История МХАТ на многое тут может дать ответ. Дело в том, что Станиславский и Немирович-Данченко, помимо прочих талантов, владели еще одним — талантом строить коллектив. Художественный театр как коллектив был, конечно, уникален, и стоит дать себе отчет в том, что этот коллектив держало.
Держал Художественный театр прежде всего безграничный авторитет Станиславского. Мы редко вдумываемся в то, из чего и как он, собственно, слагался. А слагался он неслыханным трудом самого Станиславского и людей, понимавших поставленные им перед собой задачи. Первым из этих людей был, конечно, Немирович-Данченко, который считал Станиславского режиссером par exellance и во все периоды совместной работы ставил себя во имя театра на второе место. Не всегда это было ему легко, но всегда интересы театра брали верх. А еще был длинный список людей, которые каждым шагом своей деятельности проводили в жизнь главную дель Станиславского — создание театра. Это требовало жертв, жертв сознательных. В спектаклях Станиславского яркая индивидуальность не терялась, но всегда подчинялась требованиям ансамбля. В таком же соподчинении нуждался созданный им коллектив.

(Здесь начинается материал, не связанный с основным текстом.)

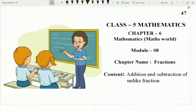Good morning dear students. Today we will learn addition and subtraction of unlike fractions. So let us start.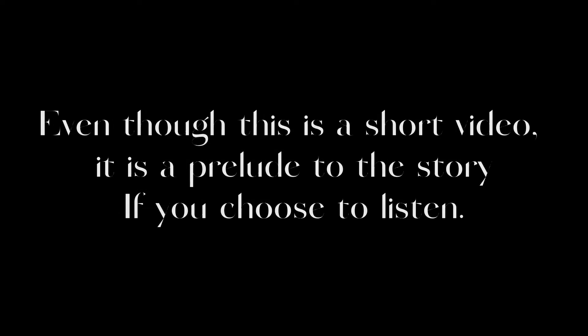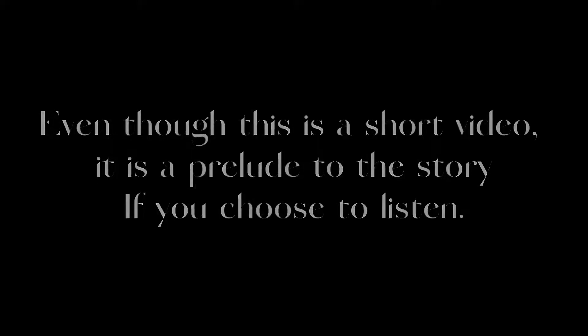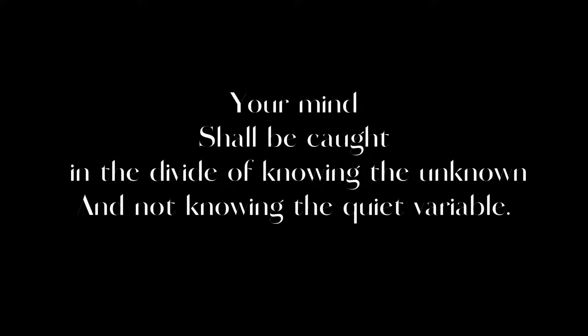Even though this is a short video, it is a prelude to the story if you choose to listen. I cannot tell you when the story will come, but know this: your mind shall be caught in the divide of knowing the unknown and not knowing the quiet variable.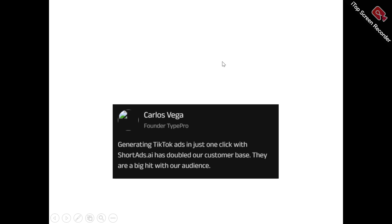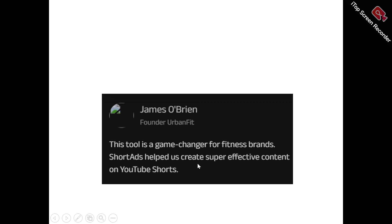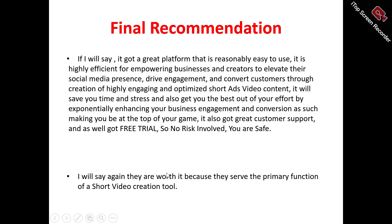Here's what users are saying about Short Ads. Carlos said: 'Generating TikTok ads in just one click with Short Ads AI has doubled our customer base — they are big hits with our audience.' James said: 'This tool is a game changer for our fitness brand. Short Ads helped us create super effective content on YouTube Shorts.'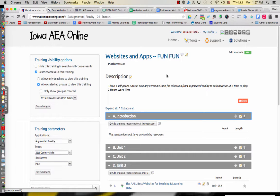Hello, this course is Websites and Apps and I'm excited about this particular course. It has a lot of cool tools and apps that hopefully you can integrate in your classroom.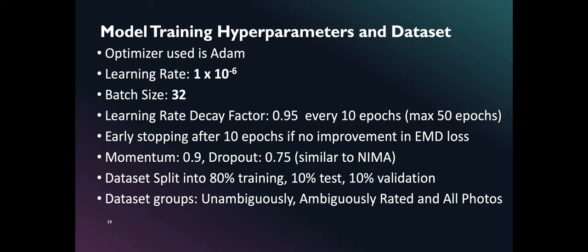We also created dataset groups and experimented on which aesthetic rating range specific preprocessing algorithm works best. So, we have three groups of dataset: unambiguously rated photos, ambiguously rated photos, and all photos regardless of rating.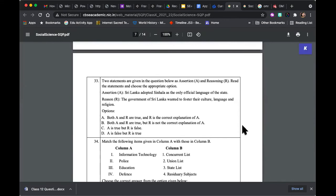The assertion is: Sri Lanka adopted Sinhala as the only official language of the state. The reason given is: the government of Sri Lanka wanted to foster their culture, language, and religion. The four options are: both A and R are true and R is the correct explanation; both true but R is not the correct explanation; A is true but R is false; A is false but R is true. Is assertion A true? Yes — Sri Lanka has a Sinhala majority government, so they adopted Sinhala as the only officially recognized language. Is reason R also true? Yes — the second statement is also true. So C and D are now ruled out, and we have options between A and B.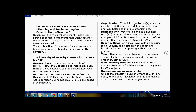Next is authentication — how users are recognized by Dynamics CRM. This can be established through Active Directory, Windows Live ID, or client-based authentication. For example, if you are a user for an organization and try to log into the CRM, the CRM recognizes whether you are a valid user. In an on-premise version, we use Active Directory. If you are an employee of an organization, you will have organization credentials, and you must enter those credentials to access the CRM.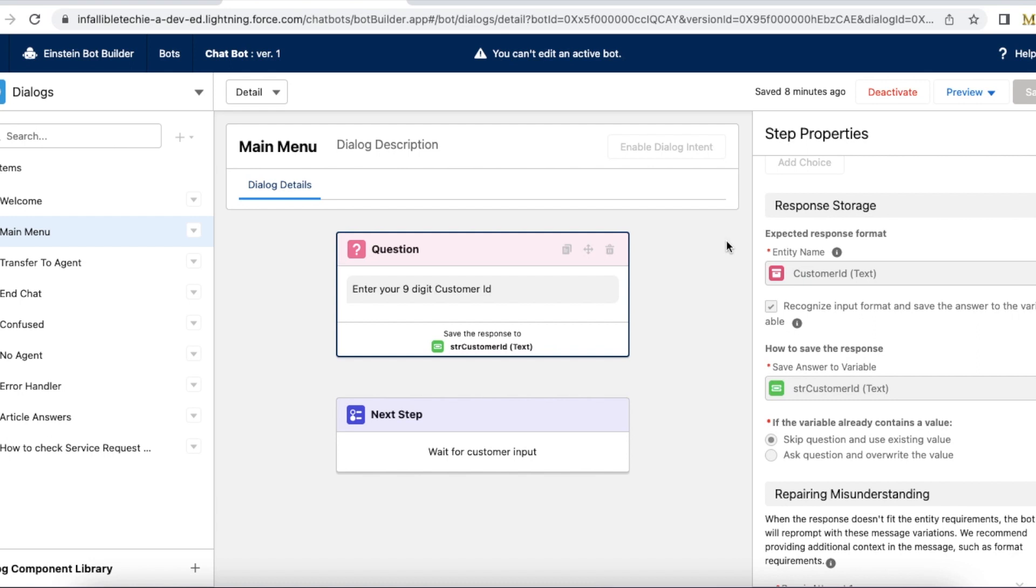Hello everyone. In this video, we are going to see how to validate customer input while using Salesforce Einstein bot.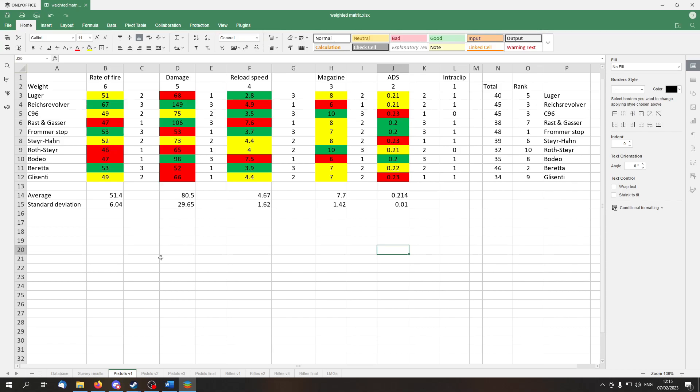From version 1, we get that Frommerstop is the best. It's followed by the Beretta, and third place is divided between the Reichsrevolver and C96.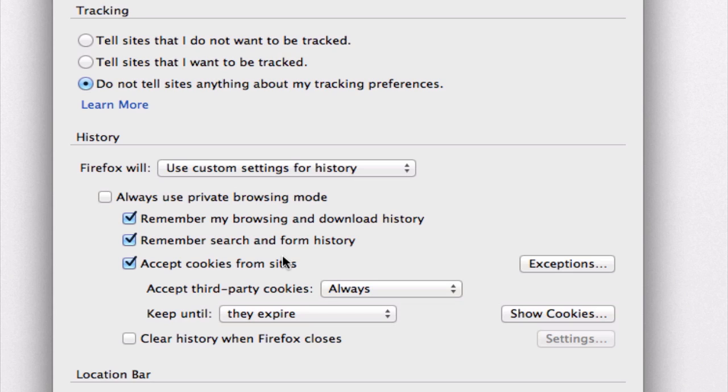We can check the clear history when Firefox closes option.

Было ли это всегда легко и просто для «помогавших»? Нет. Сохранилось много документов, которые нельзя назвать иначе, чем «криком души». Незаметная, жертвенная помощь становилась порой непосильной даже для таких бесконечно преданных людей, как Сулержицкий и Лужский. Мейерхольд ушел, Вахтангов ушел, ушел Марджанов. Попов ушел совсем еще юным. Ушли Петров, Хохлов, потом Завадский. Эти потери перманентно повторялись в разных поколениях и создавали у Станиславского непреходящее ощущение одиночества.
Уходили ли действительно самые яркие, самые талантливые? Да, конечно! Но если бы не было тех, кто брал на себя громадную черновую работу, понимая, что надо высвобождать и беречь силы Станиславского, — МХАТ был бы разрушен. Прежде всего не ушел Немирович-Данченко, и это решило судьбу театра.
Сегодня невольно вспоминаешь громадный, подчас непосильный труд, Сулержицкого, Лужского, Мчеделова, Судакова, Телешевой, Вершилова и многих, многих других. И совсем несправедливым было бы сказать, что среди них не было крупных дарований.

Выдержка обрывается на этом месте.